(Data records)
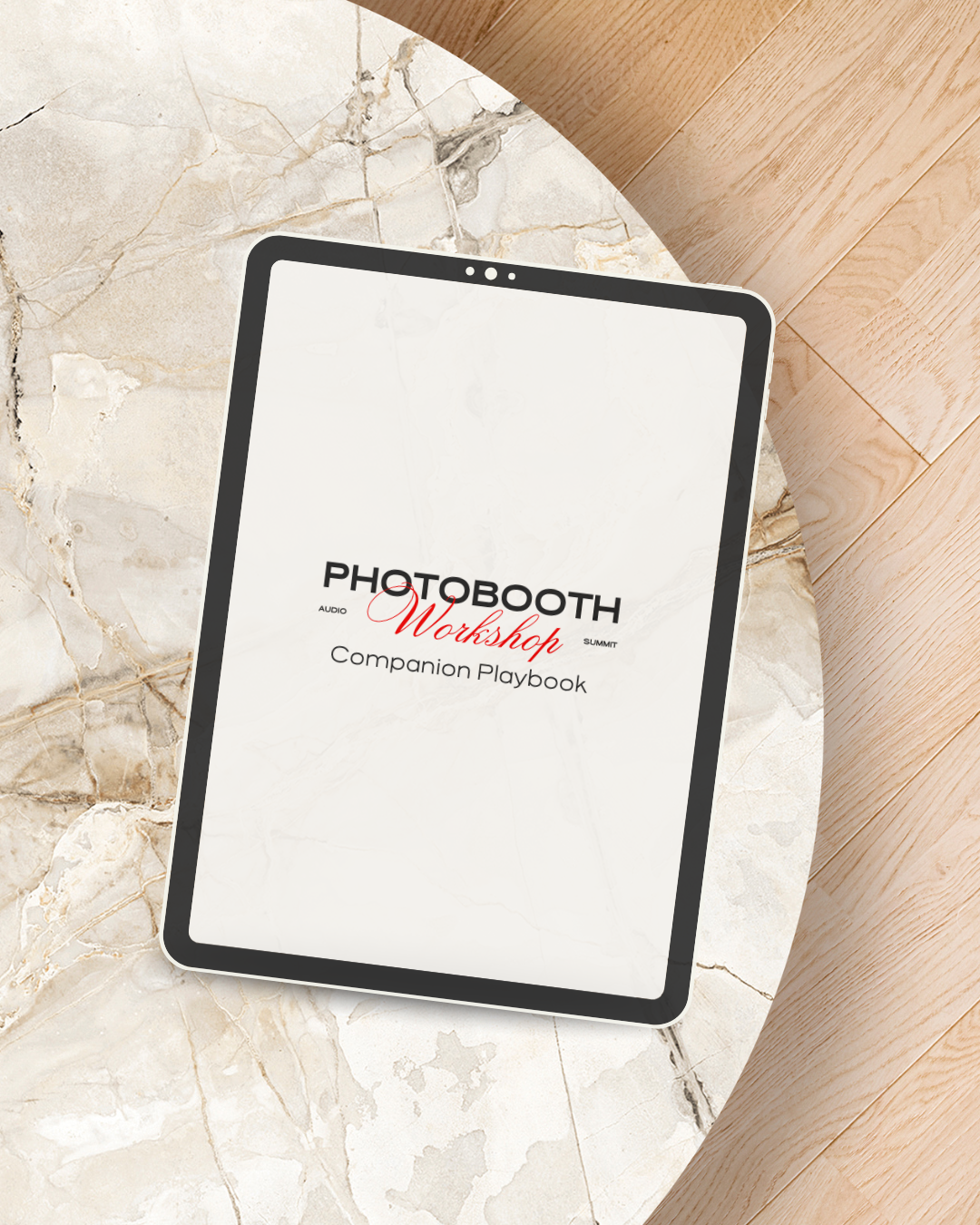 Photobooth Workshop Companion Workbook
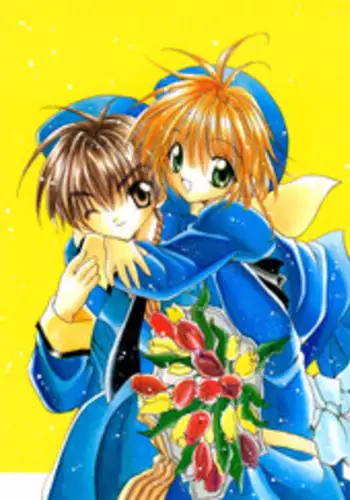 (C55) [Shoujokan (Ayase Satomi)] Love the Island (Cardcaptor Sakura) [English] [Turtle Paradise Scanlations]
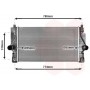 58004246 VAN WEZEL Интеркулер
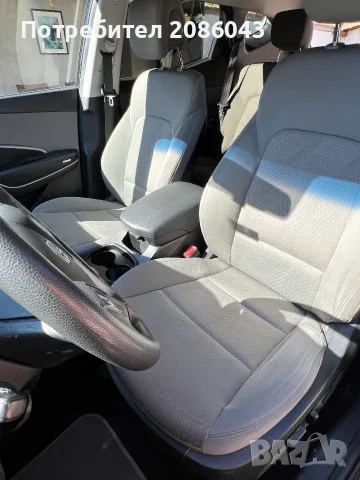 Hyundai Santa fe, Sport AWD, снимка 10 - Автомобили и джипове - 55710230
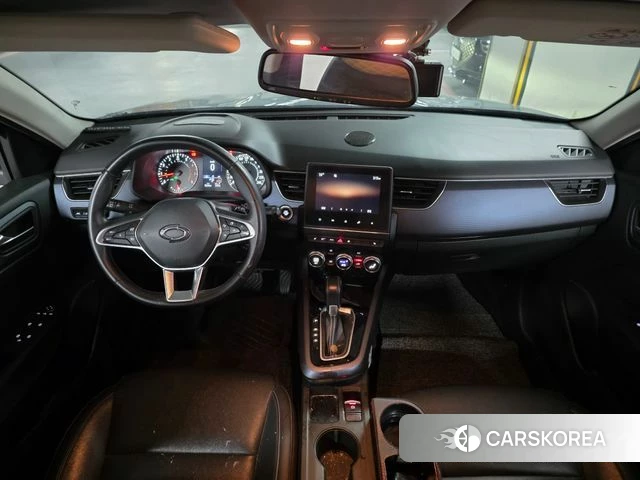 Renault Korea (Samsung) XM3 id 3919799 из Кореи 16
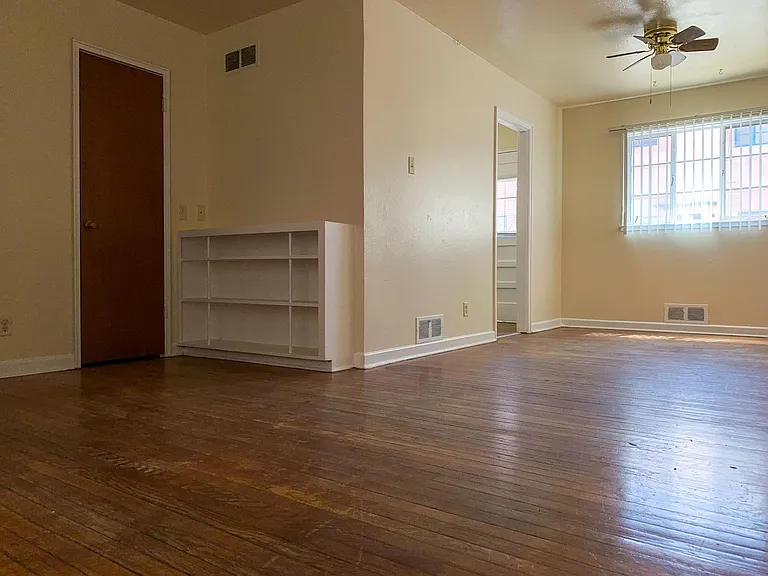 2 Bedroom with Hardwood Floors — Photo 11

About this exercise ->
Repeat the data exactly, excluding the pictures.

Solution to this problem ->
 Photobooth Workshop Companion Workbook
 (C55) [Shoujokan (Ayase Satomi)] Love the Island (Cardcaptor Sakura) [English] [Turtle Paradise Scanlations]
 58004246 VAN WEZEL Интеркулер
 Hyundai Santa fe, Sport AWD, снимка 10 - Автомобили и джипове - 55710230
 Renault Korea (Samsung) XM3 id 3919799 из Кореи 16
 2 Bedroom with Hardwood Floors — Photo 11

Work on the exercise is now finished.